Quando nel 1994 scende in campo, Berlusconi non fa una campagna elettorale. Fa una campagna di marketing. Il volto sempre in primo piano, lo slogan “Un’Italia nuova”, lo spot elettorale registrato come un messaggio personale a ogni elettore. Non parla come un politico, ma come un amico: niente dati, solo emozioni. Nessun tecnicismo, solo soluzioni “di buon senso”.

Usa la retorica del successo personale come leva politica. Si presenta come imprenditore vincente, “self-made man”, un italiano qualunque che ce l’ha fatta. E se ce l’ha fatta lui, allora ce la possono fare tutti. È esattamente la narrativa che oggi dominano gli influencer: autenticità costruita, vulnerabilità ostentata, vita privata come contenuto pubblico.

Come ogni influencer di successo, Berlusconi è sempre “sul pezzo”. Sa improvvisare, sa cadere e rialzarsi, sa creare scandalo e capitalizzarlo. Il suo corpo, la sua voce, i suoi gesti diventano linguaggio. Il cerone, il sorriso forzato, le barzellette, le gaffe: nulla è casuale, tutto è brand.

Il pubblico come community

Gli elettori di Berlusconi non erano solo “base politica”. Erano una community. Si riconoscevano in lui, ne condividevano stile, valori, illusioni. Il berlusconismo è stato un movimento pop, con tratti quasi religiosi: culto del leader, ripetizione dei messaggi, nemici esterni da combattere (toghe rosse, comunisti, Europa). In questo, è stato un precursore delle tribù digitali: polarizzate, fedeli, affamate di contenuti.
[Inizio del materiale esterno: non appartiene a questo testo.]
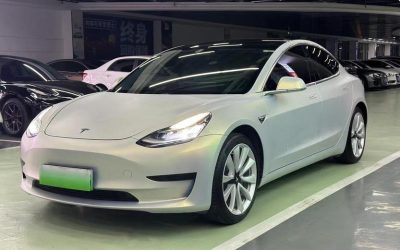 Экстерьер б/у Tesla Model 3 2020, китайский подержанный автомобиль на продажу, 2WD, электрический, проверьте технические характеристики, цену и обзоры для этого авто в Китае.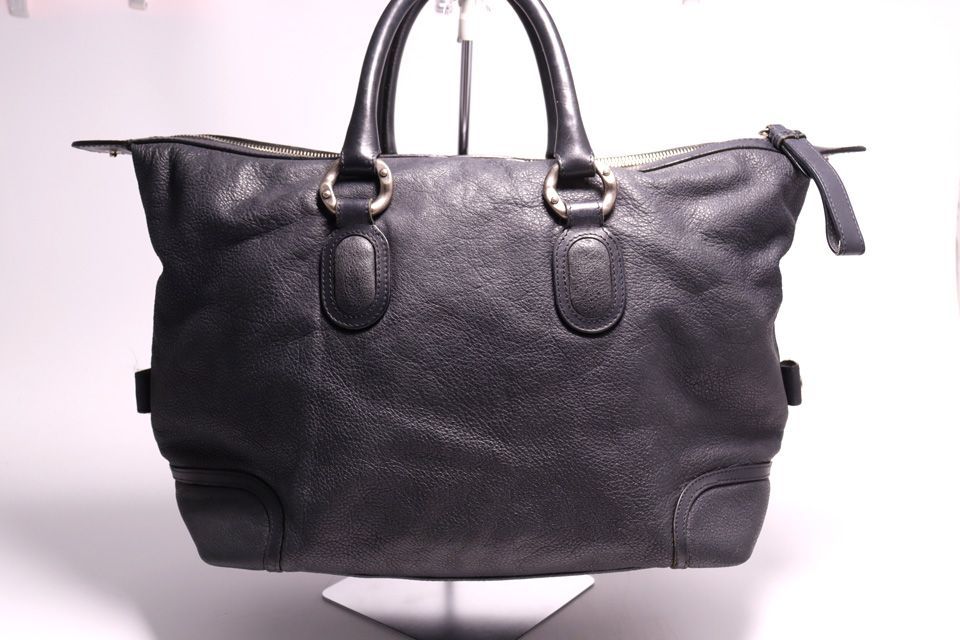 Chanel CC Logo Leather Tote — view 2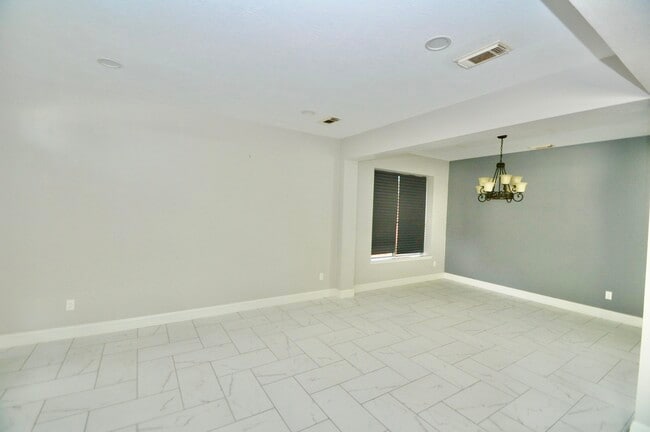 Photo - 8819 Hedgestone Ct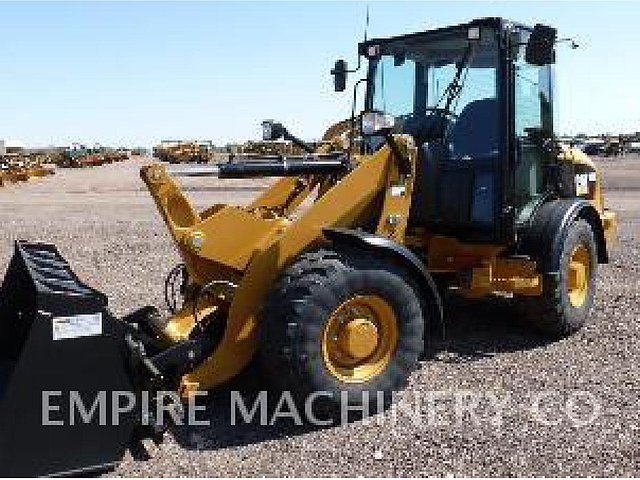 2013 CATERPILLAR 906H Photo
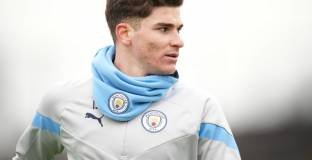 Гуардиола обясни защо Ман Сити продължи с Алварес 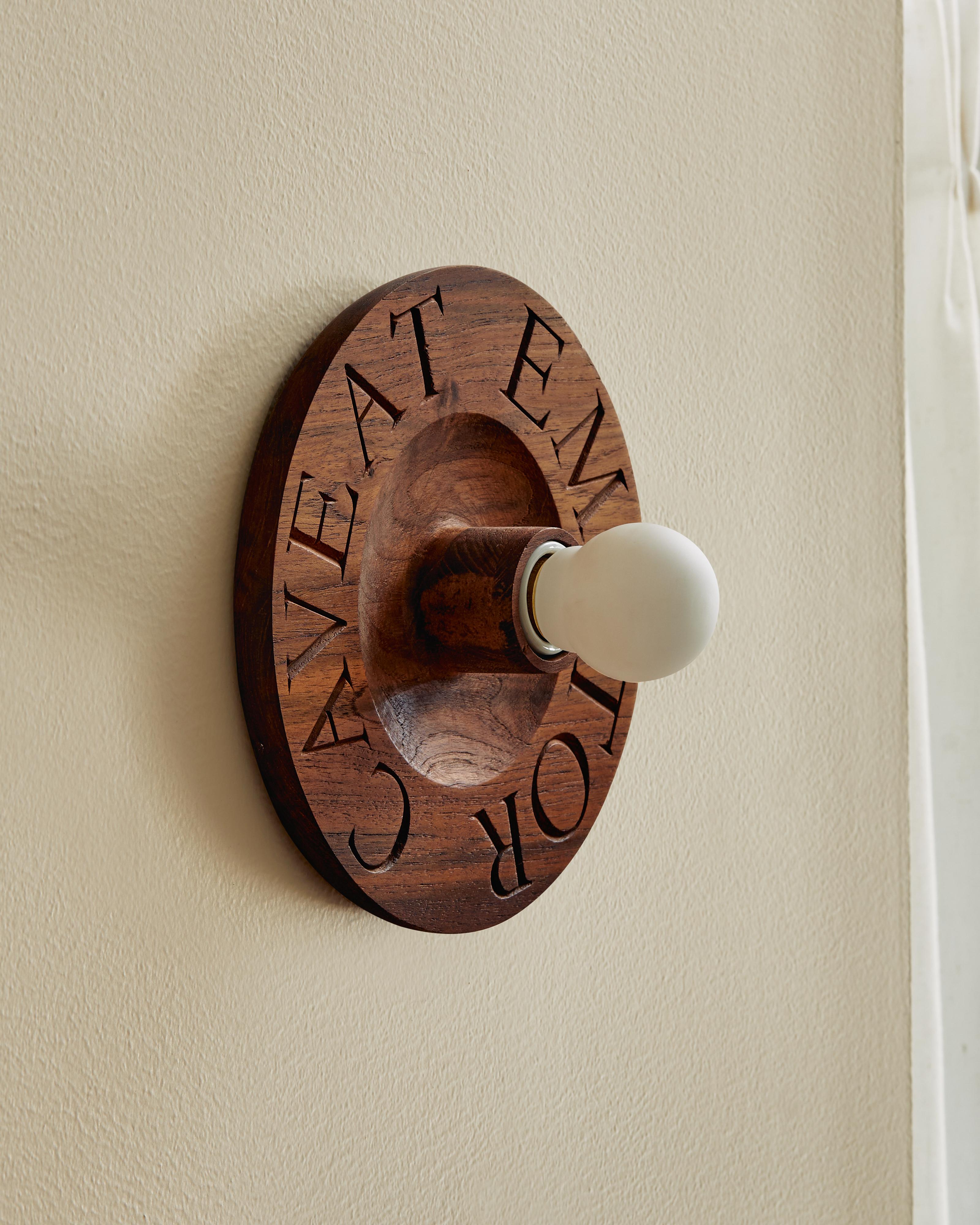 International Style Caveat Emptor Applique in teak recuperato Illuminazione moderna realizzata a mano da Evam in vendita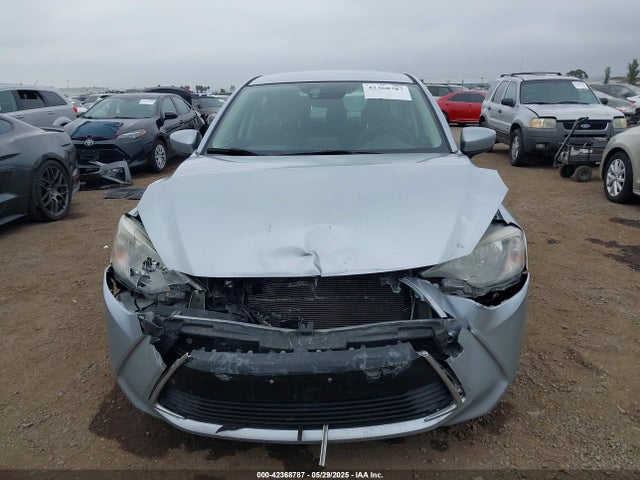 3MYDLBYV5JY302350 Toyota p5v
Tutto ciò che oggi ci sembra naturale nei social media – la centralità del volto, la semplificazione estrema, la personalizzazione del messaggio – era già nella grammatica berlusconiana. Quando su TikTok un creator balla mentre lancia uno slogan, non fa qualcosa di tanto diverso da Berlusconi che canta a Portofino o racconta una barzelletta in TV per distogliere l’attenzione da un processo.

Anche le sue cadute – giudiziarie, politiche, personali – sono diventate contenuto. Berlusconi è riuscito a trasformare ogni scandalo in uno spettacolo, ogni imputazione in un atto di eroismo. Ha fatto della persecuzione giudiziaria un format, del “politicamente scorretto” un linguaggio. Esattamente come fanno oggi gli influencer che monetizzano le critiche, che cavalcano l’hate per aumentare la visibilità.

Un’eredità (digitale) ancora viva

Anche dopo la sua morte, il “berlusconismo” sopravvive. Nella politica-spettacolo, nei leader che curano i propri profili social come fossero influencer (da Salvini a Meloni), nelle campagne elettorali fondate sullo storytelling personale. Il linguaggio di Berlusconi è diventato linguaggio comune.

Oggi chi fa comunicazione non può prescindere da ciò che Berlusconi ha insegnato: che il messaggio è il mezzo, che l’immagine vince sull’argomento, che la coerenza narrativa vale più della verità oggettiva. Nel bene e nel male, la politica italiana – e forse anche la cultura popolare – parla ancora la sua lingua.